Section 202 stated that a person aggrieved by threats of legal action can apply to the courts to have the threat declared "unjustifiable, [gain] an injunction against the continuance of the threats, and ... recover damages."
Justice William Gummow noted that the operation of s202 had be taken into account if ISPs were forced to issue warning notices to their users to avoid breaching the Copyright Act’s authorisation provision.
Counsel for iiNet Richard Cobden said there was a real potential of an ISP falling foul of s202.
In this scenario, iiNet would be the “threatener”, its customer the threatened party and that action will succeed, if threats are unjustifiable, Cobden said.
“There is no other way to get out of it being unjustifiable unless you can demonstrate that the action was an infringement of the copyright," he said.

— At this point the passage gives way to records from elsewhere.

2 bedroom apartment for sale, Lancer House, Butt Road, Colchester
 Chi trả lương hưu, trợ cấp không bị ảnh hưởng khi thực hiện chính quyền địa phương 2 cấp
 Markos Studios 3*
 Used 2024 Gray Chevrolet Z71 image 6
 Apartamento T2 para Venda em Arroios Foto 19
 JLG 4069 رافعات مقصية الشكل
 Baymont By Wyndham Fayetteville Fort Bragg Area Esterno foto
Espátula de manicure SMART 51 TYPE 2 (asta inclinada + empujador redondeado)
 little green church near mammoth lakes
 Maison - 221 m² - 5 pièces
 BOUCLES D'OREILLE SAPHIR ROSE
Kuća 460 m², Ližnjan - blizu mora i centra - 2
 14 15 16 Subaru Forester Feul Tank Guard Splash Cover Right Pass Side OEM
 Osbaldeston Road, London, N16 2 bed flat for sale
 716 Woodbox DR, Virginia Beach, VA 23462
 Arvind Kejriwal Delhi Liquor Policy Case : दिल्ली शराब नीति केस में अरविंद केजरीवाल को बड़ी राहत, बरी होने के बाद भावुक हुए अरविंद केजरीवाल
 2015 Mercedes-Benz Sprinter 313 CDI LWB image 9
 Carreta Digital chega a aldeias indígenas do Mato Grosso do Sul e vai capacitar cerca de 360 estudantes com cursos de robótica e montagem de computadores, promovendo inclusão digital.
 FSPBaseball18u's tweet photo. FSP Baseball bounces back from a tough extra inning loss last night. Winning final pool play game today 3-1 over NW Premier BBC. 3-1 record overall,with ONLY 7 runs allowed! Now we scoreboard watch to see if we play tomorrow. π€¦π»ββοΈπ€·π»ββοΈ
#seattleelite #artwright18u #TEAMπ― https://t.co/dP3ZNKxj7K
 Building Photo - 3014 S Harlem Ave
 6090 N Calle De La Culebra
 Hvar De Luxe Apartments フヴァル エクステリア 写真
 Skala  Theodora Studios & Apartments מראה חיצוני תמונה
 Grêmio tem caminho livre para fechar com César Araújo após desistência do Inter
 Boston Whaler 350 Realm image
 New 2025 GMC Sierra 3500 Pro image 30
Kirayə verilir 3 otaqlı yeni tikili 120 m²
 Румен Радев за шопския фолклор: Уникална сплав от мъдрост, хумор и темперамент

"The tougher [the warning notice] gets, the more danger there is [for an ISP] under section 202.”
In any event, Cobden said it was not reasonable for iiNet to issuing warnings only.
“Even today when everyone says just issue a warning only, it always turns into a warning plus a termination,” Cobden said.
“It was not reasonable for us to embark upon that graduated response given the way the information had been given to us and what we knew about the information.”
Communications Alliance's Flynn said that the studios were not seeking to limit the use of the internet service to non-infringing copies - they wanted the internet service provider to stop its access completely.
This was unreasonable and a disproportionate use of the ISP’s power, he said.
AFACT varies injunctive relief in response
AFACT has already moved to amended its request for injunctive relief, filed early yesterday.
Though yet to be disclosed, it involves suspension of a user’s account until the identified films, the subject of past infringements, had been removed from their system and no longer available to BitTorrent clients, according to Justice Susan Crennan.
Flynn said this form of relief was still unreasonable as it would only affect works prevented during the currency of the suspension.
“It will not be the case that during the suspension all works other than infringing works can be used.”
The High Court proceedings will wind-up at lunch-time today after final responses from counsel for the studios and iiNet.